II domenica di Avvento

Bar 4,36-5.9; Sal 99; Rm 15,1-13; Lc 3,1-18

Mi sembra esista un contrasto tra le prime affermazioni di Giovanni, che suonano in modo molto altisonante (“spianate le strade…”) e la risposta alla domanda “cosa fare?”. Giovanni dice a coloro che riscuotevano le tasse: “siate onesti, non fate gli uomini corrotti”, alla gente normale dice: “aiutate che è nel bisogno” e ai soldati dice: “fate i bravi soldati, non maltrattate la gente, accontentatevi del salario senza saccheggiare…”.
E ci verrebbe da dire: tutto qui? Non dice di fare “grandi cose” o di ribellarsi al potere politico (ingiusto allora come oggi) o di “vivere in monasteri”. Fare il bene con la “b” minuscola. Qualche anno fa, forse quando ero più giovane, avrei trovato troppo poco in questo. Non si può solo fare “le persone educate”, il cristianesimo non è questo. Resta vero, ma oggi mi rendo conto con più chiarezza che “ciò che è ordinario”, l’essere semplicemente persone che quotidianamente provano a fare il bene, appare realmente straordinario. Dico cose semplici: stare con i figli, rinunciare a un po’ di stipendio per loro, coltivare delle amicizie, leggere un libro, parlare con un anziano, rispondere alle mail, lavorare bene per il gusto di fare bene una cosa, chiedere scusa… non preoccuparsi se non si potrà cambiare la macchina o non si potrà andare a sciare… far bene da mangiare, aspettare uno che arriva in ritardo senza imprecare, credere in un matrimonio…

Cose davvero semplici, ma diventate oggi difficilissime.
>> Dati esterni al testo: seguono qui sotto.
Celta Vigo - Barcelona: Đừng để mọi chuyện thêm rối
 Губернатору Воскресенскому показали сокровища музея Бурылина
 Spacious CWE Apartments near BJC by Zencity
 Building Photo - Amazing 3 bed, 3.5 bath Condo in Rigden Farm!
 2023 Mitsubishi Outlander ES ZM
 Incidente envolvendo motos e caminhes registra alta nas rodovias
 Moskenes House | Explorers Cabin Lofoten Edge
Eppure era la base dell’umano (e una volta anche di una felice “convivenza” civile). L’impressione è che si diventi vittime sempre più frustrate e nervose di un sistema che ti toglie il respiro, dove devi correre sempre addietro alle cose, dove ti senti un po’ in pericolo, dove ciò che dai agli altri lo senti con fastidio, pesa, come uno svuotamento personale… Ho degli amici che mi dicono che bisogna andarsene in paesi più poveri del nostro (non paesi di miseria) per uscire dalla “macchina” invisibile che ci stritola… Ma forse è un fuggire.
Perché le cose semplici dell’umano sono diventate così difficili? Perché il bene con la “b” minuscola sembra così faticoso e a volte pure impossibile? Ci sarebbero tante analisi da poter fare su questa “insoddisfazione” latente che oggi facilmente cede alla “rabbia” degli uni sugli altri. Settimana scorsa provavo a indicare una pista di riflessione e se ne potrebbero aggiungere altre. Penso però anche che ci siamo un po’ dimenticati del Signore. Ho impressione che se non lo perdiamo di vista abbiamo più forte la possibilità di “sfilarci” o di “resistere” agli ingranaggi della logica del “progresso” e del “mercato”, e alla fine vivere con meno frustrazioni (per fortuna senza dover essere Dio). Almeno, non avessimo davvero più nulla (finissimo in bancarotta), avremmo degli amici che ci vogliono bene (una compagnia cristiana) e soffriremmo un po’ meno la solitudine. Non sarebbe già uno “spianare la strada”?

Il poeta Argentino Borges scrive una bellissima poesia dove descrive chi è per lui l’uomo “giusto” con la “g” minuscola.

Chi è contento che sulla terra esista la musica.
Due impiegati che in un caffè del Sud giocano in silenzio agli scacchi.
Il tipografo che compone bene questa pagina che forse non gli piace.
Chi accarezza un animale addormentato.
Chi giustifica o vuole giustificare un male che gli hanno fatto.
Chi preferisce che abbiano ragione gli altri.